If it’s not obvious, ask around, review engagement data, and make this part of onboarding or early team conversations rather than a one-off exercise.
Step 2: Publish original research on a consistent cadence
In a category with no playbook, research becomes the playbook.
Any findings you publish can become the go-to resource to help your ICP excel at work and lead internal strategy conversations, keeping your product top of mind for when the time is right.
To set up your own research arm, start by identifying the questions your buyers are being asked internally, and which ones don’t have a clear, trusted answer yet. Your research doesn’t need to be exhaustive, but it does need to be original, specific, and useful enough that buyers can reference it in real decisions.
Profound committed to publishing original research roughly once a week, sharing analysis no one else could replicate. Using insights from 1.5B user conversations, ~5B AI citations, and ~500M AI responses, they uncovered how AI platforms cite sources, which domains show up most often, and where brands were invisible.
This research did three things at once:
- Educated buyers who didn’t know where to start
- Positioned Profound as the expert explaining the space
- Offered SMEs a steady stream of material to react to and build on
When it came time to share their findings, Josh didn’t just repost company content. He riffed, added context, and mixed in his unique perspective. The research was the backbone, but the voice stayed human.
Step 3: In early innings, distribution beats attribution
In emerging categories, buyer journeys are messy, multi-touch, and difficult to track end to end. And so, at this early stage of trust building, Nick abandoned traditional attribution models to go all-in on distribution.
Once research was published on Profound’s blog, every piece was repurposed across other channels, including:
- LinkedIn posts
- Conference talks
- Newsletter sponsorships
- Sales enablement materials
- Webinars, both Profound-run and external
- Blog posts
- Earned media distribution
- Special distribution to Profound customers (often as early access)
Nick put it simply:
Does pipeline go up? Does ARR go up? Cool—then it’s working.
Profound tested aggressively. They found ultra-niche newsletters outperformed massive lists. Sales conversations improved because buyers arrived educated. Failed experiments were killed quickly, while winners scaled fast.
Speed mattered more than certainty.
When your prospects memorize your talk track
LinkedIn became Profound’s largest inbound source. Sales reps routinely heard prospects say they found the company through Josh’s research. “Josh’s name is mentioned in 90–95% of sales calls,” Nick confirms.
Even CMOs outside of Profound’s immediate network were citing insights from Profound’s research from memory. One growth leader publicly shared that they bought Profound specifically because of Josh’s analysis. That kind of organic validation is hard to manufacture.

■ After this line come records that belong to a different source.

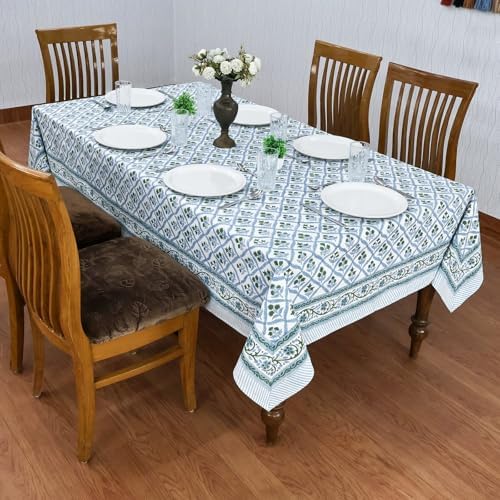 72x140 Inches Rectangle Hand Block Printed Cotton Tablecloth, Green Blue Floral Table Cloths Washable, Indian Table Linen for Outdoor Thanksgiving Gifts Dining Home Decor Outdoor Gift - Image 4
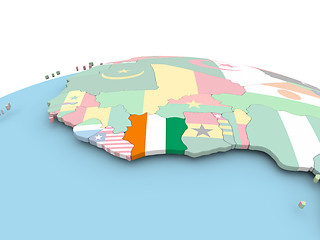 Image showing Flag of Ivory Coast on bright globe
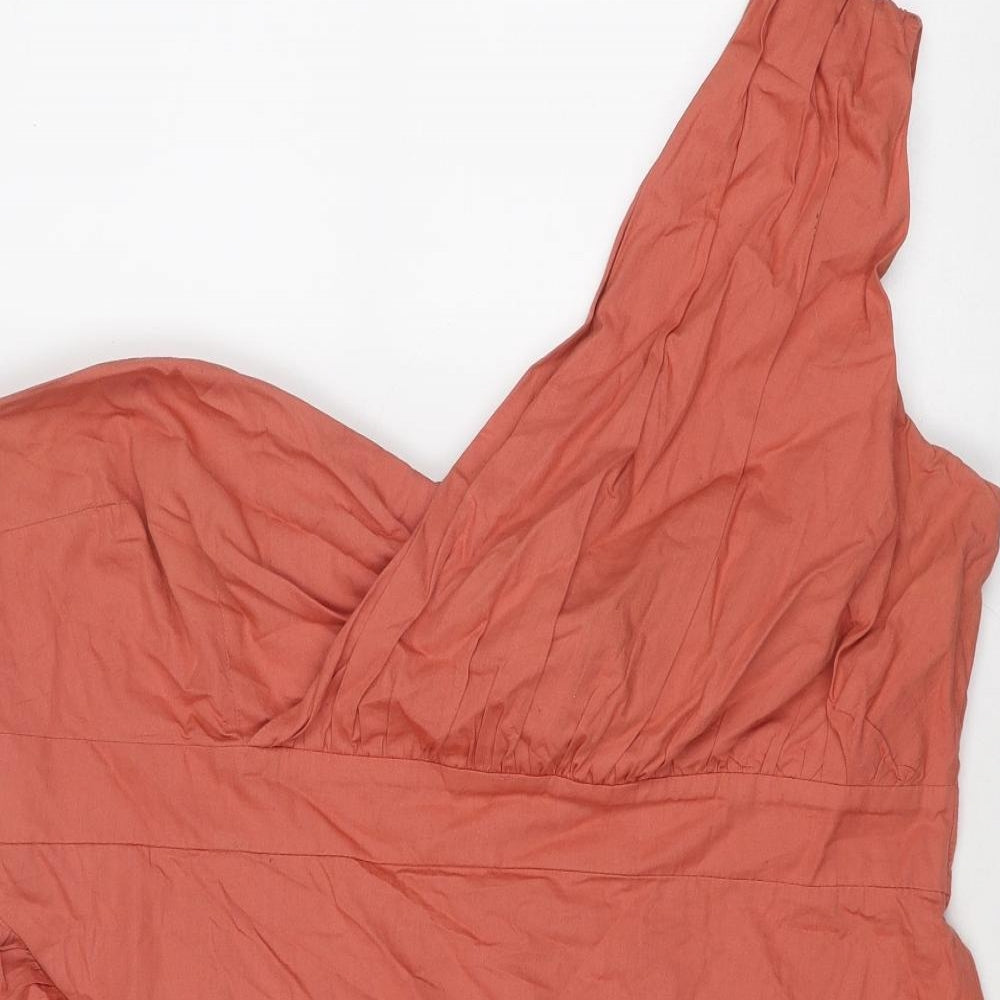 ASOS Womens Orange Cotton Mini Size 20 One Shoulder Zip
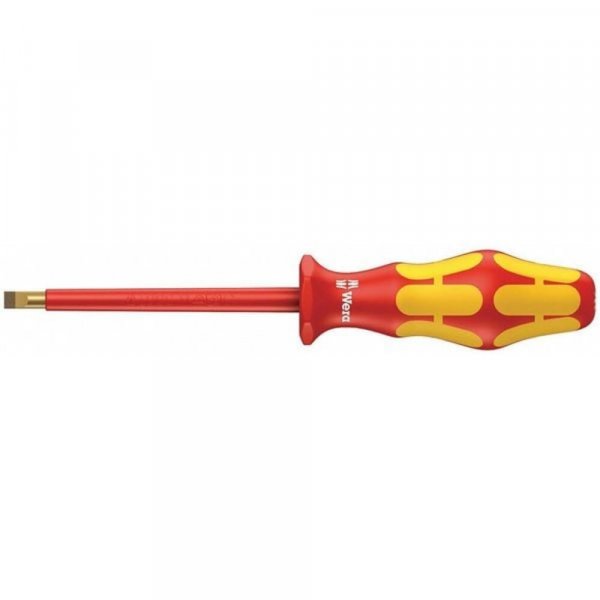 Wera 05006125001 Kraftform Plus VDE 160i Slotted Insulated Screwdriver, Lasertip, 6.5mm Head, 6" Blade Length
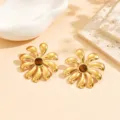 Elégantes Boucles d'Oreilles Fleurs Or avec Pierre Marron Acier Inoxydable Plaquées Or 18K - Boucles d'Oreilles (E01260) / Oeil de Tigre (E01260)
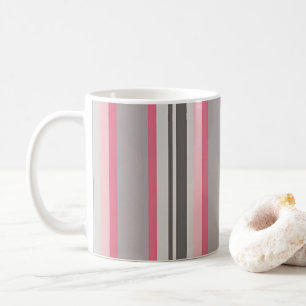 Caneca De Café Listras Clássicas Rosa e Cinza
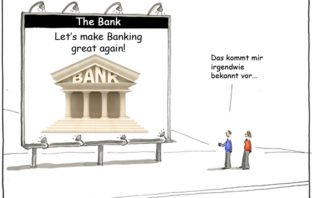 Cartoon: Neue Bankwerbung nach Donald Trump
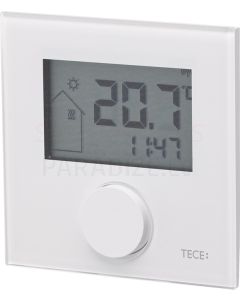 TECEfloor elektroniskais bezvadu telpas termostats ar displeju RTF-D Design balts stikla virsma  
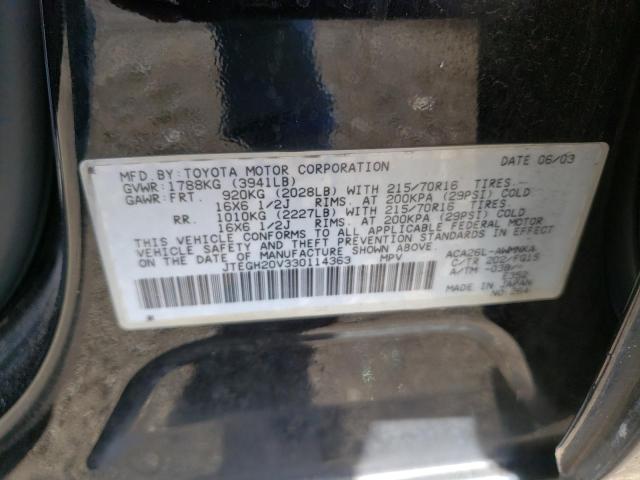 Photo 10 from auction – 2003 TOYOTA RAV4 with VIN JTEGH20V330114363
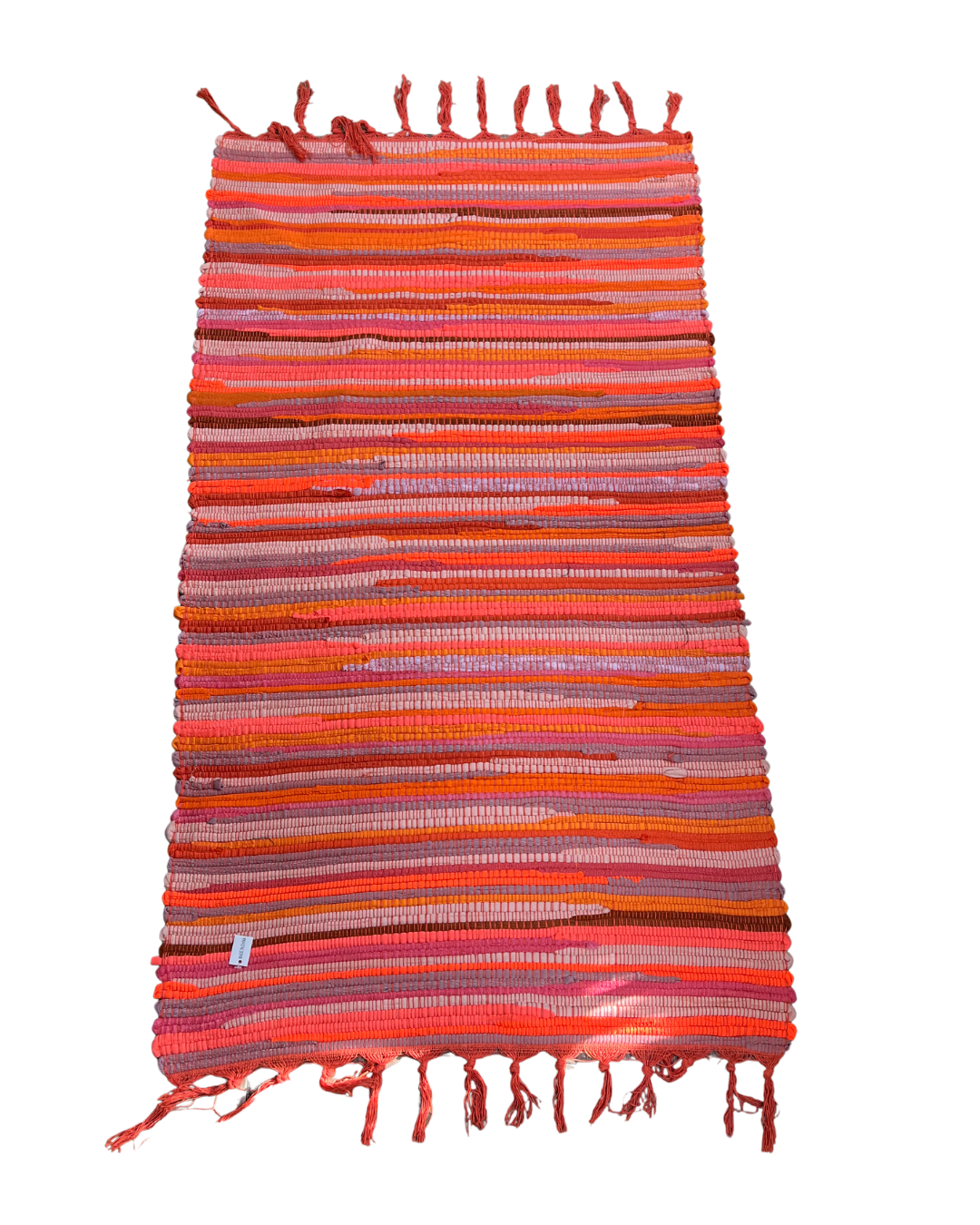 Handwoven Bohemian Cotton Rag Fringed Floor Runner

The real outcome was becoming the source teams pointed to when making sense of the category, long before anyone was ready to buy. Profound didn’t just sell into the category. They defined how people talked about it.
FAQ
What do we do if subject matter experts don’t want to post publicly about our product?

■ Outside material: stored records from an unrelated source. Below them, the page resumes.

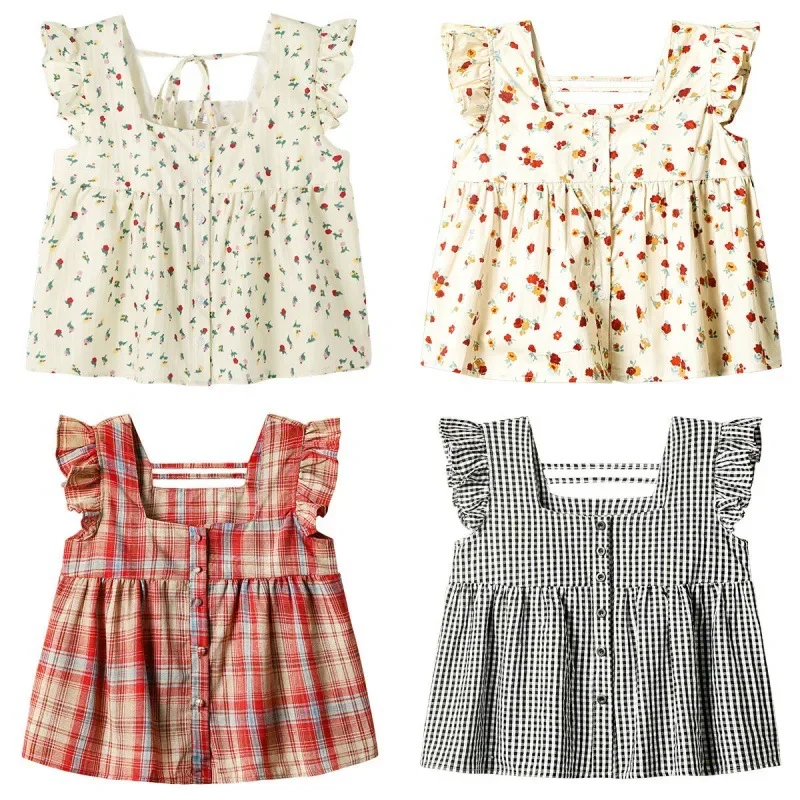 SweetOuter Wear клетчатый топ женская рубашка с квадратным воротником и короткими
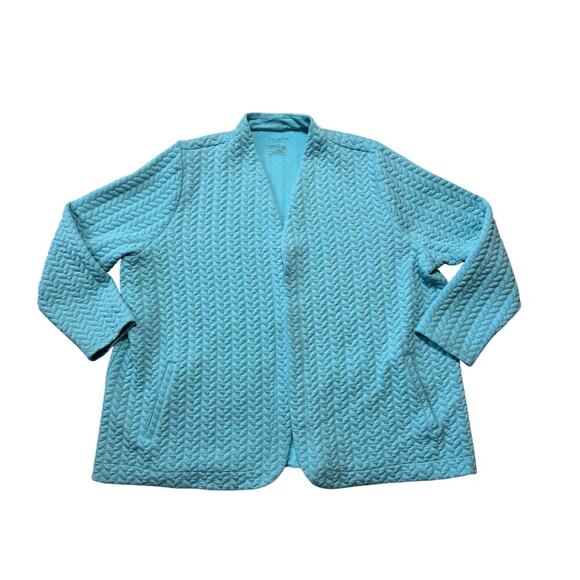 TALBOTS Cardigan Sweater/Blazer;, size 3X; SOFT; Teal Blue lightweight layer - Picture 1 of 11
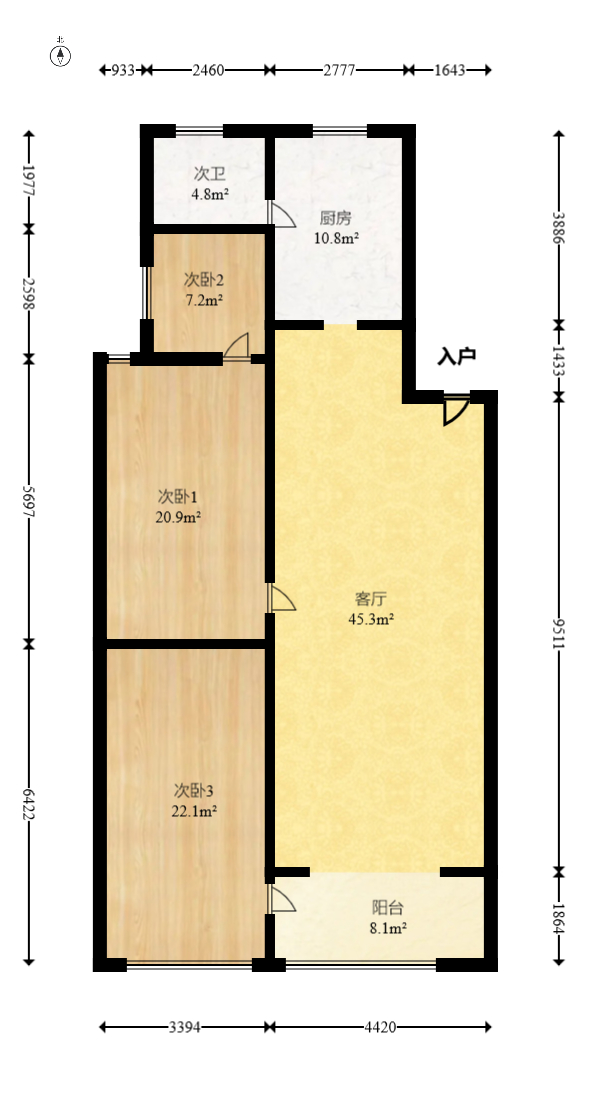 公安分局宿舍  2室2厅2卫    61.48万室内图1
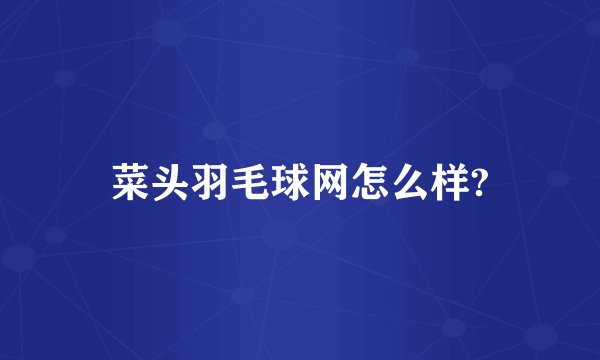 菜头羽毛球网怎么样?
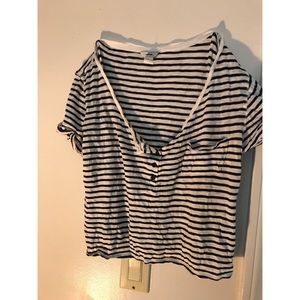 Blue and white stripped crop top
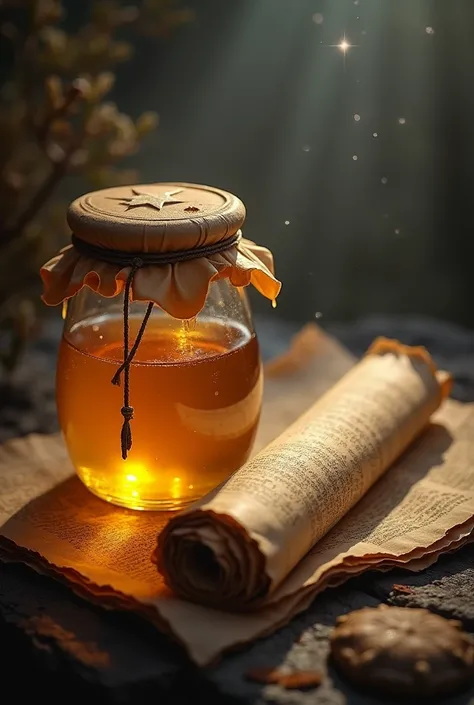 Honey preserved over millennia: A jar of honey with an ancient scroll beside it, glowing softly as if it’s been untouched for thousands of years.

Provide research they can respond to and offer to help draft or edit posts. Consistency and credibility matter more than volume, and both tend to increase as participation becomes easier.

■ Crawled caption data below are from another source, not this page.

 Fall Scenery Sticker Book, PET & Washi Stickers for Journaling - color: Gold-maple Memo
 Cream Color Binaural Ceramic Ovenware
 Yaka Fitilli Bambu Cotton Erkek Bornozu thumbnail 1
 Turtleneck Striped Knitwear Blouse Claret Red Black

How long does it take for educational and research content to translate to sales?
In new categories than AI, pipeline results tend to appear earlier than traditional demand programs—but not immediately. Early success indicators usually include stronger engagement, inbound references, and more informed sales conversations, with revenue impact following later.
How can our company publish original research if we don’t have proprietary data?
Start by organizing your unique insights from customer conversations, implementation patterns, or recurring questions raised by sales. Large datasets are not required to build authority. Clear, relevant observations are often more valuable to buyers than scale alone.